Wenzhe Wu; Shaofeng Chen; Wei Ling; Yiwei Tang; Yuji Du; Peilin Liang; Shi-Jian Su; Dongcheng Chen

doi:10.20944/preprints202605.1757.v1

Submitted:

25 May 2026

Posted:

26 May 2026

You are already at the latest version

Abstract

Europium (Eu) is a rare-earth element with unique optoelectronic properties that underpin its applications in displays and lighting, X‑ray imaging, anti‑counterfeiting, and biomedicine. Conventional methods typically involve the synthesis of europium based luminescent materials in powder or crystalline form via high temperature solid state reactions or solution processes, followed by secondary processing such as spin coating or evaporation to fabricate films or devices. In this work, we report a direct approach to prepare trivalent europium based luminescent materials using divalent europium bromide (EuBr₂) as the precursor via a gas-phase vacuum evaporation approach (GPVEA). This “deposition-as-synthesis” method enables the fabrication of the hybrid nanoscale films with various blending ratios, which exhibit changes in the fine structure of the emission peaks. The luminescence spectra remain nearly identical across the temperature range from 80 K to 320 K. The photoluminescence emission intensity is stronger in air than in vacuum. Furthermore, the films show good stability under continuous photoexcitation. Through patterned design, we demonstrate their value for anti‑counterfeiting applications. This work thus provides guidance for the preparation of europium based luminescent nanomaterials via GPVEA and their application in anti‑counterfeiting.

Keywords:

divalent europium ions

;

trivalent europium ions

;

gas-phase vacuum evaporation approach

;

anti-counterfeiting

Subject:

Chemistry and Materials Science - Materials Science and Technology

1. Introduction

Europium (Eu) is a rare-earth element with a unique electron configuration, which imparts its characteristic luminescence. This property enables important applications in displays and lighting [1,2], X-ray imaging [3], anti-counterfeiting [4,5,6,7], and biomedicine [8,9,10]. Europium ion typically exists in two oxidation states, divalent [Eu(II)] and trivalent [Eu(III)], which exhibit markedly distinct luminescence properties. The luminescence of divalent europium ions arises from the electronic transition from the 4f⁶5d¹ excited state to the 4f⁷ ground state, producing broad-band emission covering the range from ultraviolet to red [11,12,13,14]. As this transition involves outer-shell 5d electrons, the corresponding energy levels are strongly influenced by the crystal field and coordination environment, resulting in high tunability of the emission wavelength [15]. In contrast, the 4f orbitals of trivalent europium ions are effectively shielded by the outer closed 5s²5p⁶ shell [16]. Their luminescence arises from intra-configurational 4f-4f electronic transitions, giving rise to a series of sharp characteristic emission peaks [1,4,17,18,19]. The luminescence-related energy levels are barely affected by the ligand or solvent environment, thus delivering exceptionally high color purity and stability [20].

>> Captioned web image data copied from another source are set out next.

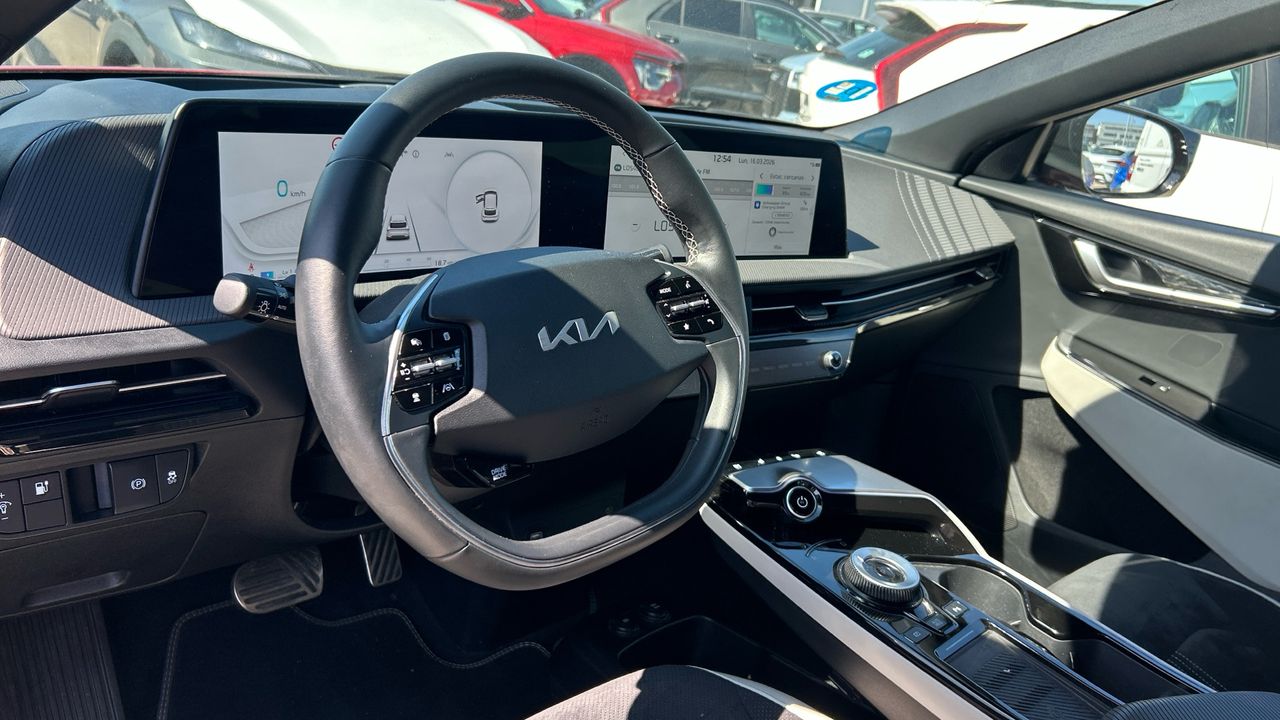 Kia EV6 BEV 77KWH 168KW GT-LINE RWD AUTO 229 5P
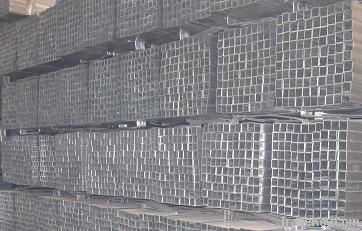 square steel pipe
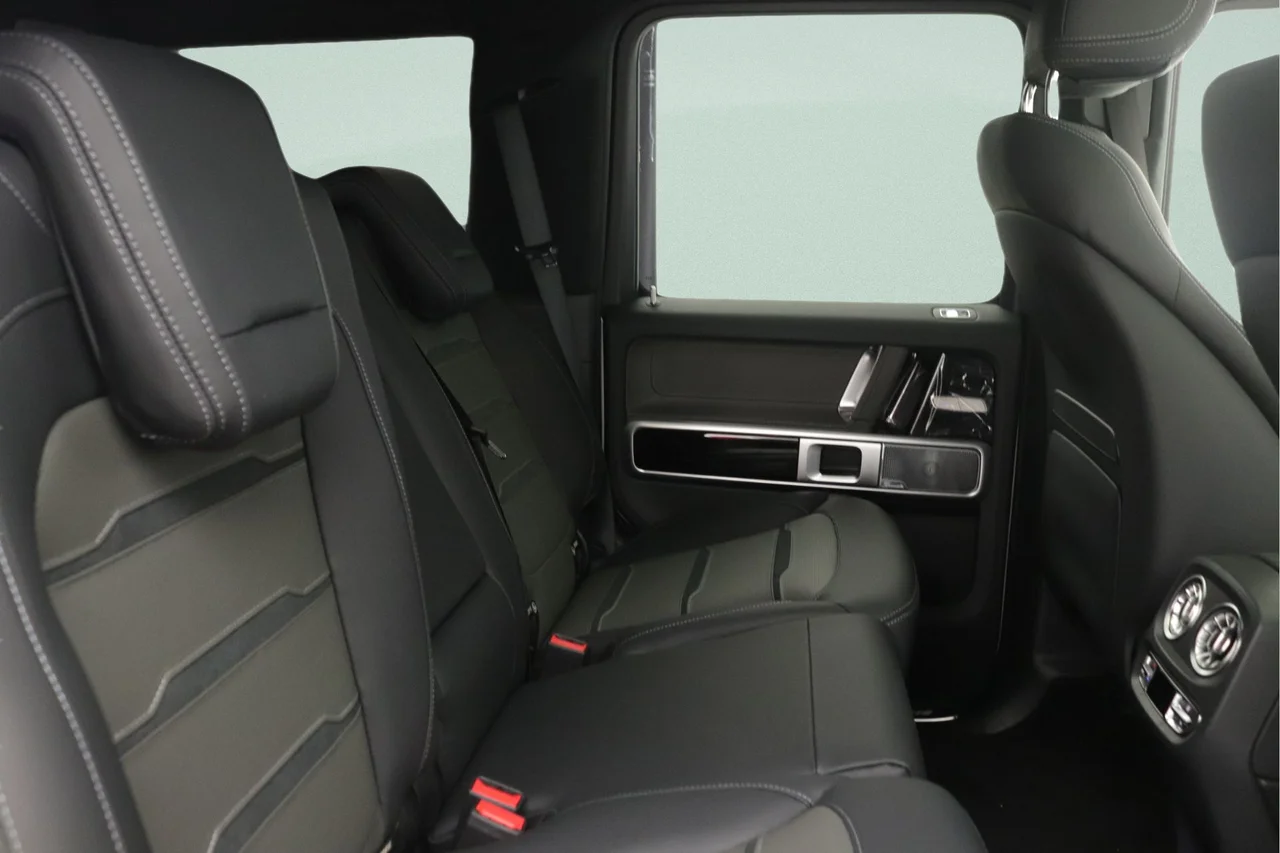 New 2026  Mercedes-Benz G 63 AMG® 4MATIC® image 8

Existing preparation processes for europium-based luminescent materials can be categorized into two main classes based on the reaction phase: solid-phase methods and liquid-phase methods. Represented by the high-temperature solid-state reaction route, solid-phase approaches achieve the doping of europium ions into host matrices such as phosphates and borates via high-temperature calcination, and are widely adopted techniques for the industrial production of phosphors [12,21,22]. Liquid-phase methods mainly include routes such as co-precipitation [23], sol-gel processing [11], and hydrothermal synthesis [24], where precursors are prepared through uniform mixing of ions in solution systems. However, the high-temperature solid-state method requires very high temperatures, whereas the solution-based method requires a solvent during the reaction and subsequent purification of the product. Both methods require the prior synthesis of powder or crystalline materials with specific luminescence properties, followed by secondary processing such as spin-coating and vacuum evaporation to fabricate devices adapted to specific application scenarios [1,2], a step that imposes additional requirements on the material properties, including thermodynamic stability and solubility.

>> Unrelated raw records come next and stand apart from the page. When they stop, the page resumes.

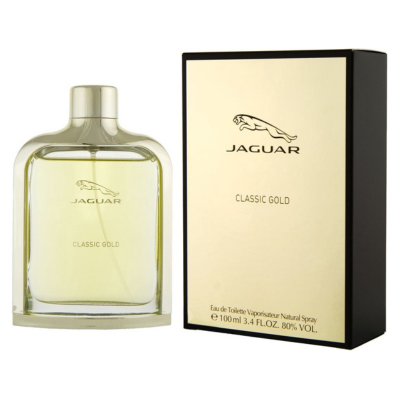 Jaguar Gold - 100 ml - Eau de Toilette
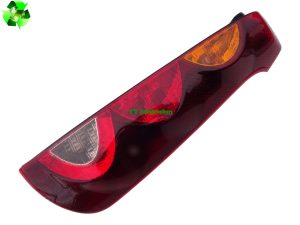 Nissan Note Rear Tail Light 26550BH00B Right Genuine 2011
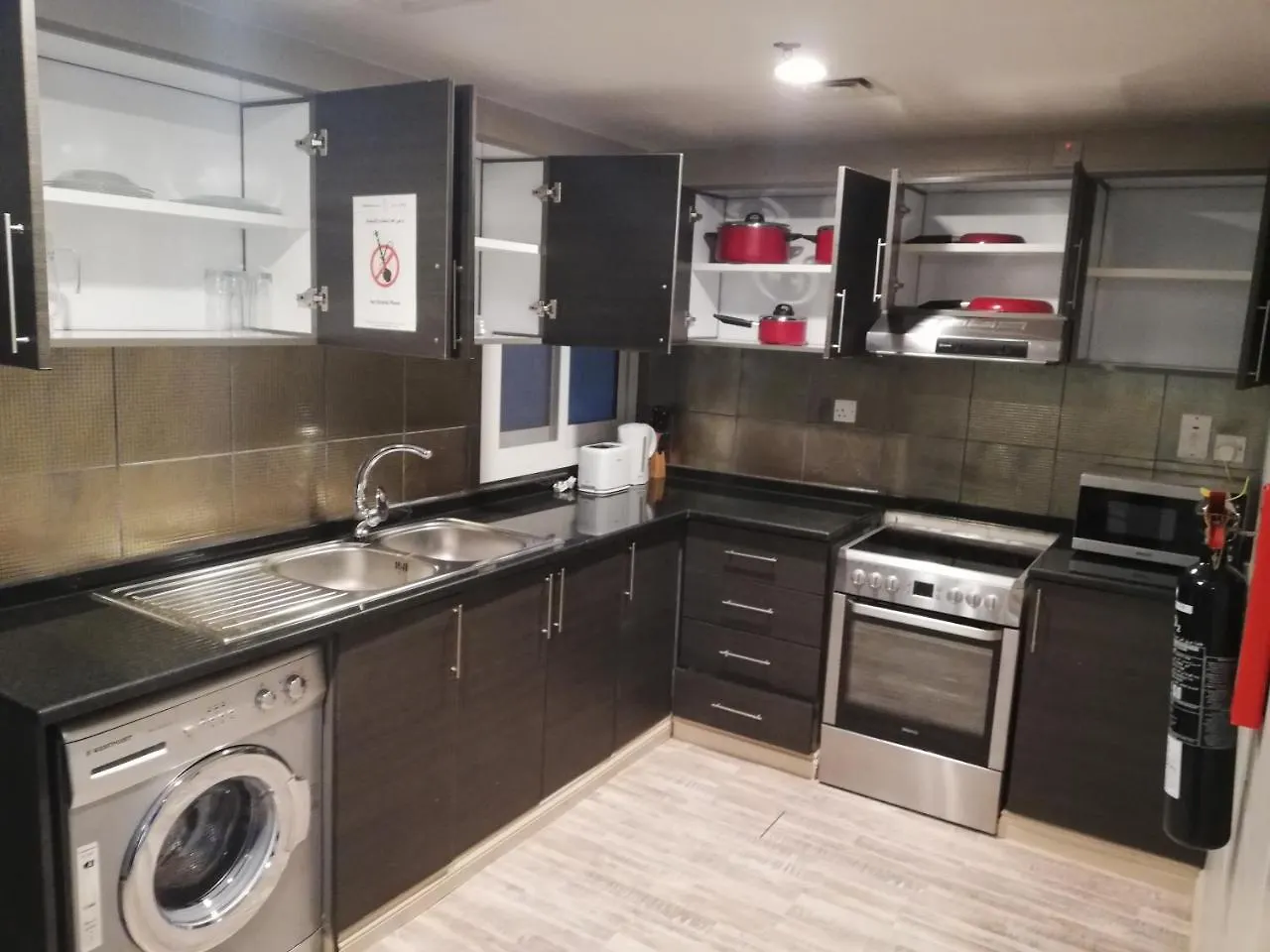 Апарт-отель Boulevard City Suites Hotel Apartments Dubai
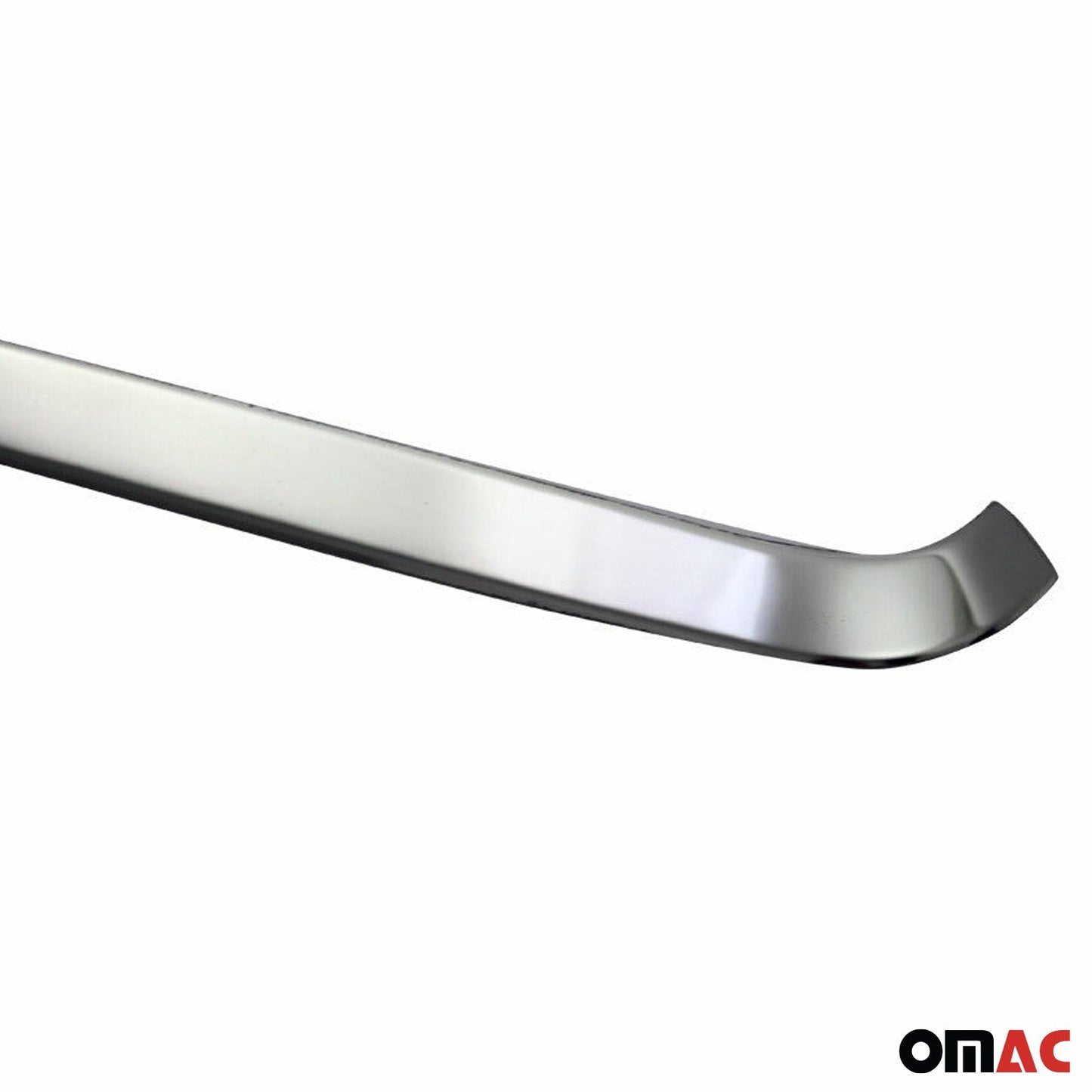 Bandă decorativă portbagaj, bandă decorativă hayon pentru Mercedes Citan 2012-2021, oțel inoxidabil cromat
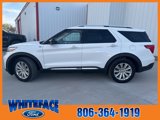 Used 2023 Ford Explorer Limited w/ Limited Technology Package image 3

Vacuum evaporation, a type of vapor deposition technology, has been widely used for the fabrication of thin films and devices [25], most notably in the organic light-emitting diodes (OLEDs) display industry [26,27]. Thin films prepared via this method exhibit high uniformity, enable high pattern resolution, and the process itself offers excellent controllability. The development of novel europium-based luminescent materials based on this technology is expected to achieve direct compatibility with existing industrial production lines, thereby reducing the cost of technological iteration. In addition, most europium-based luminescent materials exhibit phenomena such as emission spectrum shifts under varying temperatures [20,28,29], which limits their anti-counterfeiting applications under extreme conditions, such as low temperatures.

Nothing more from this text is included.